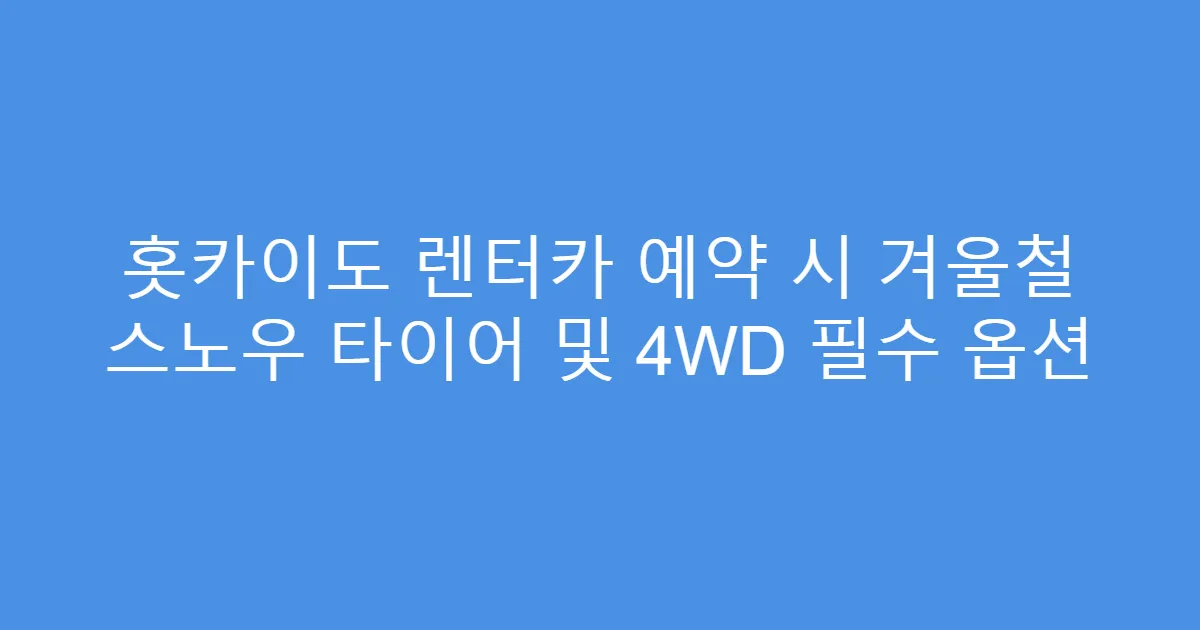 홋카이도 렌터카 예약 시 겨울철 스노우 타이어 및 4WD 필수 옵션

┄┄┄┄┄┄

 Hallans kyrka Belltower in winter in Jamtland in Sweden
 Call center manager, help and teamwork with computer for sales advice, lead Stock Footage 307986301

┄┄┄┄┄┄

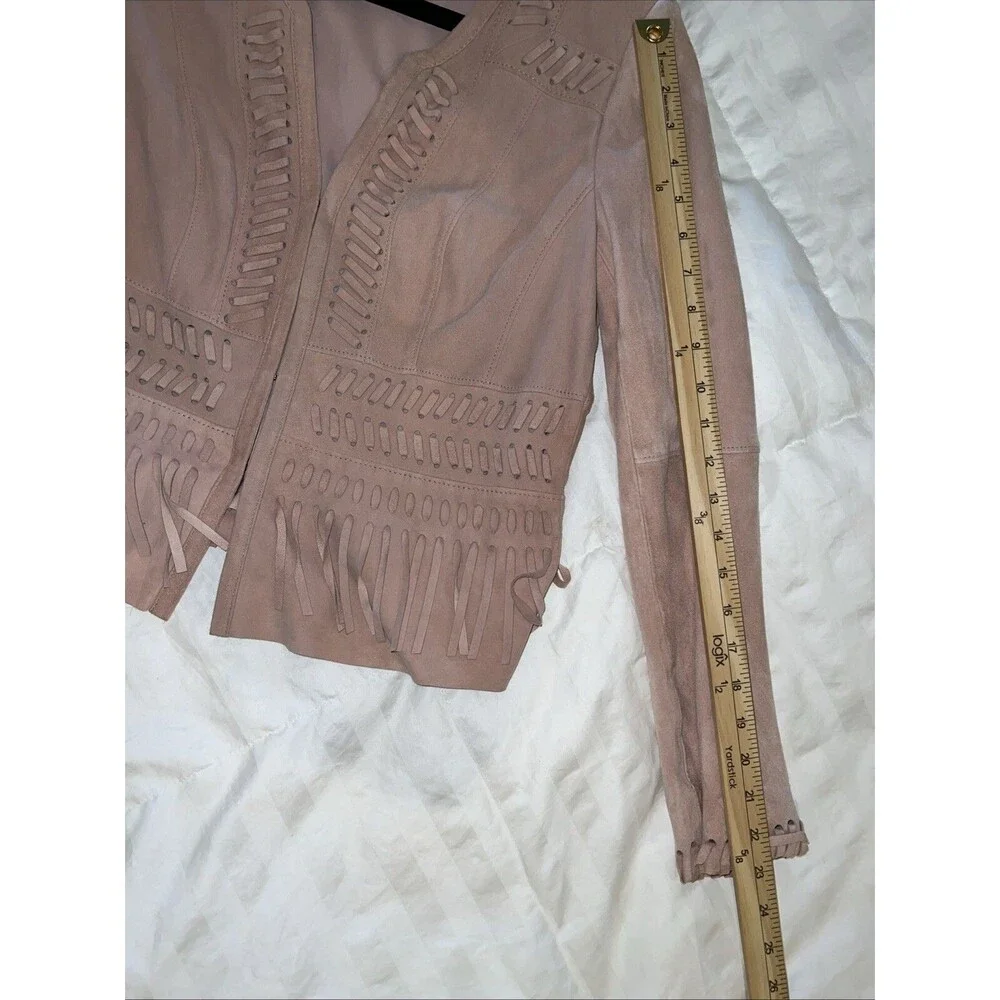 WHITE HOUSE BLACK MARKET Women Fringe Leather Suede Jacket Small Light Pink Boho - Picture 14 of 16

┄┄┄┄┄┄

Every line above from the line with "Hallans kyrka Belltower" to the line with "Call center manager, help", inclusive, must be returned exactly; no other line belongs in the reply.

→ **The completed task**:
 Hallans kyrka Belltower in winter in Jamtland in Sweden
 Call center manager, help and teamwork with computer for sales advice, lead Stock Footage 307986301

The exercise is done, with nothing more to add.